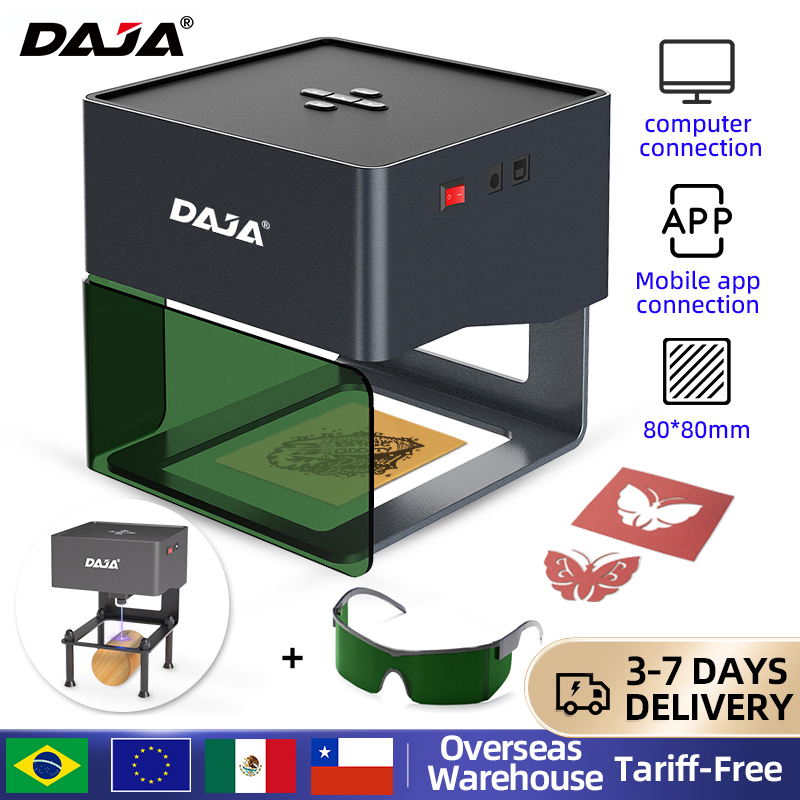 DAJA DJ6 Mini Portable Laser E - مراجعة Industrial Handheld Laser وسعره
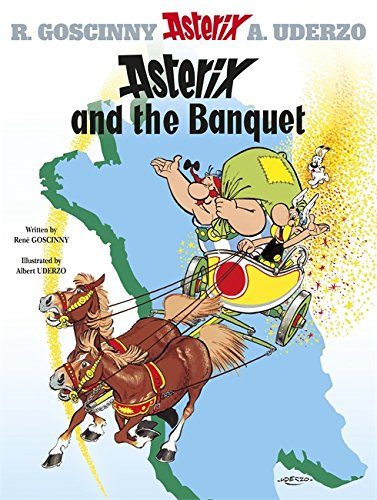 Asterix and the Banquet: Album #5 (Asterix (Orion Paperback)) (Bk. 5)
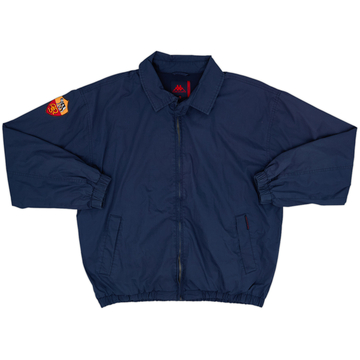 2002-03 Roma Kappa Track Jacket - 9/10 - (L)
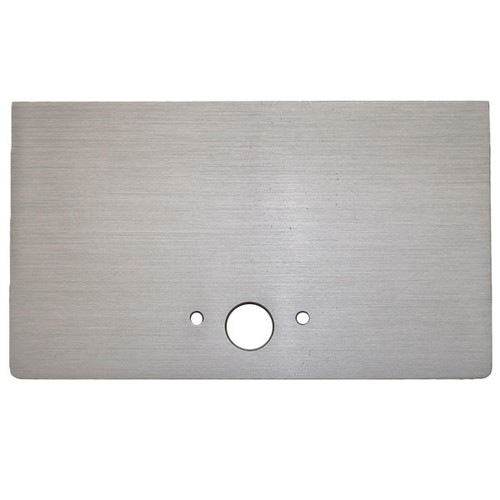 Malibu Boat Trash Can Lid 5550029-ANGR | Anodized Aluminum - 第 2/5 張圖片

> [ASSIGNMENT]
Hand back the data exactly as it appears, with all pictures cut.

> [OUTPUT FOR THIS TASK]
 DAJA DJ6 Mini Portable Laser E - مراجعة Industrial Handheld Laser وسعره
 Asterix and the Banquet: Album #5 (Asterix (Orion Paperback)) (Bk. 5)
 2002-03 Roma Kappa Track Jacket - 9/10 - (L)
 Malibu Boat Trash Can Lid 5550029-ANGR | Anodized Aluminum - 第 2/5 張圖片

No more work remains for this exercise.